Given these sets of interests, there are three main reasons why IPOs tend to pop. Banks take many companies public and often return to the same institutional investors again and again (the typical institutional to retail split of an IPO is 90/10). Meanwhile, a company usually only goes public once. Therefore, while banks and institutional investors play this game repeatedly, most companies only play it once. With banks having to appease both sides, it’s not crazy to think they choose to satisfy the party with whom they have a long-term ongoing relationship.

In addition, as mentioned above, companies themselves have interests that are at odds with one another. Underpricing an IPO may indeed be the better move for them in the long term if it leads to satisfied investors who continue to hold onto the stock and buy into the company story. In return, the company gets some of the momentum benefits of a strong IPO. Or at least that is what banks will try to convince companies. Also, it’s important to note that while a company issues 15% to 20% new shares in the IPO, the rest is owned by founders, employees, and existing company investors. So all things equal, a company would rather start trading at a lower price and rise higher (with the remaining 80% of shares appreciating) than start very high and drop to below what they might have been with a lower opening price.

Lastly, I think the media plays a role in perpetuating the hype. An IPO with a big pop is portrayed as a marker of success, whereas one without a pronounced pop is seen as an anticlimactic public entry (although in reality, the company got a better deal in the latter case). This increases some of the momentum and reputational benefits that a company might get from underpricing an IPO and provides further ammunition to banks to sell companies on underpricing (for example, “Hey, you saw what happened to Facebook right? Let’s not be greedy with the IPO price…”).

The case for more direct listings

The rest of 2020 promises to be a busy period for more IPO hopefuls with companies like Airbnb, Doordash, Asana, Robinhood, and Palantir all expected to go public over the next 12 months. But considering their strong performance as high-growth tech companies, coupled with the fact that these companies will likely face underpricing similar to the current class of IPOs, one wonders whether they will choose to go the traditional route.

Slack and Spotify both famously went public in April 2019 and April 2018, respectively, with a direct listing — an alternative to the traditional IPO, where no new shares are issued but instead existing shares are sold to the public. Direct listings typically have lower fees, no lockup periods, and are priced algorithmically on the stock exchange (similar to how every stock trades day in and day out).

Two big drawbacks have been noted about direct listings: First, that you can’t raise new capital while going through one, and second, without the traditional roadshows and price stabilization functions of banks, it may only be an option for household name companies with strong brand equity.

But given the more than adequate supply of capital available in private markets and an ongoing proposal by the NYSE to allow companies to raise additional capital in direct listings, the first drawback may not pose too much of a concern for most companies moving forward into the future.

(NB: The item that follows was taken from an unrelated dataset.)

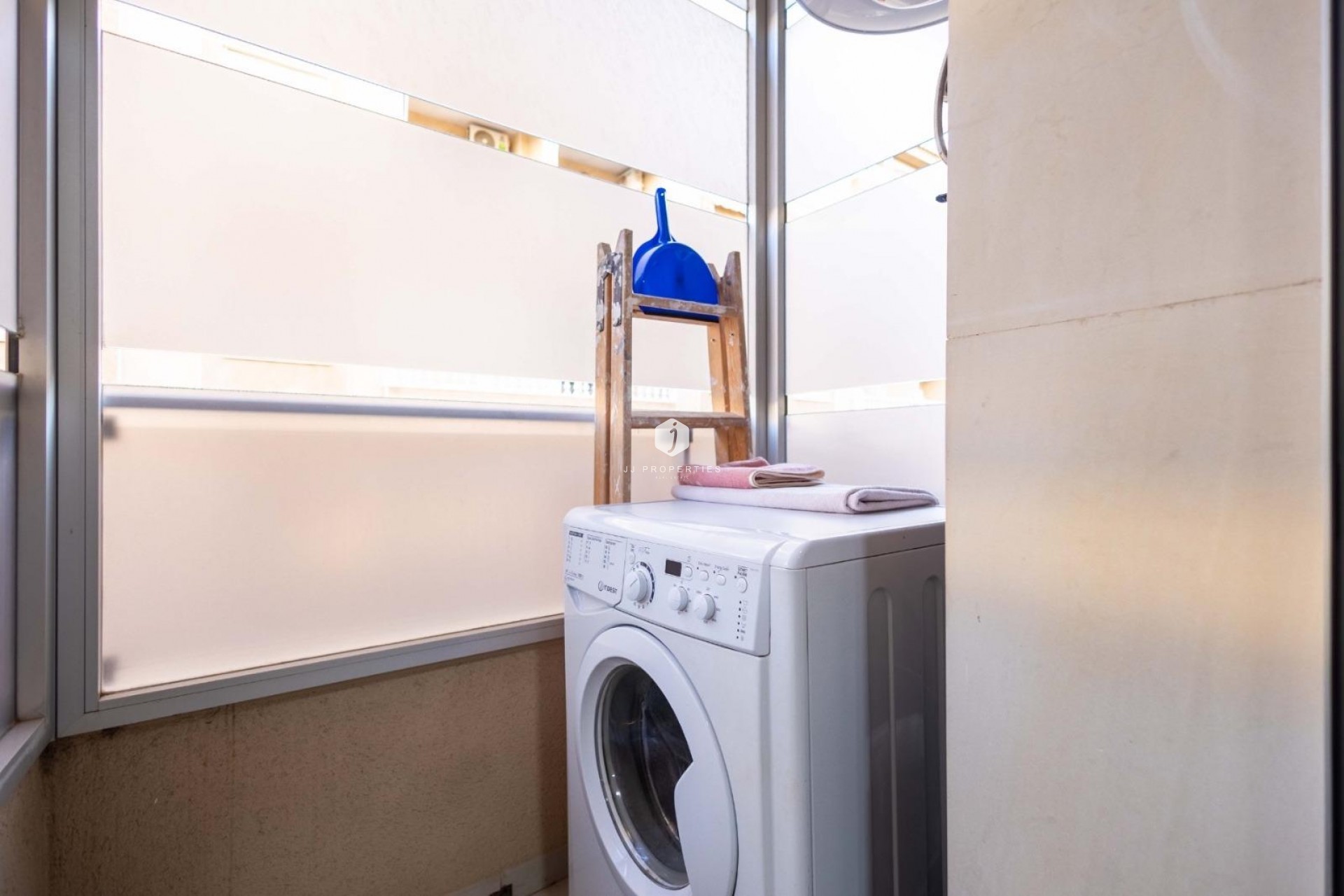 Tweedehands - Appartement / flat -
Torrevieja - Las calas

The second issue of general lack of brand awareness, however, may prove to be more difficult to overcome. But for a portion of companies that enjoy high growth and some level of recognition with loyal or niche customers, the direct listing may offer a preferred alternative to going public (and provide liquidity for investors) without unnecessarily diluting the company or selling equity at a price lower than the market will bear.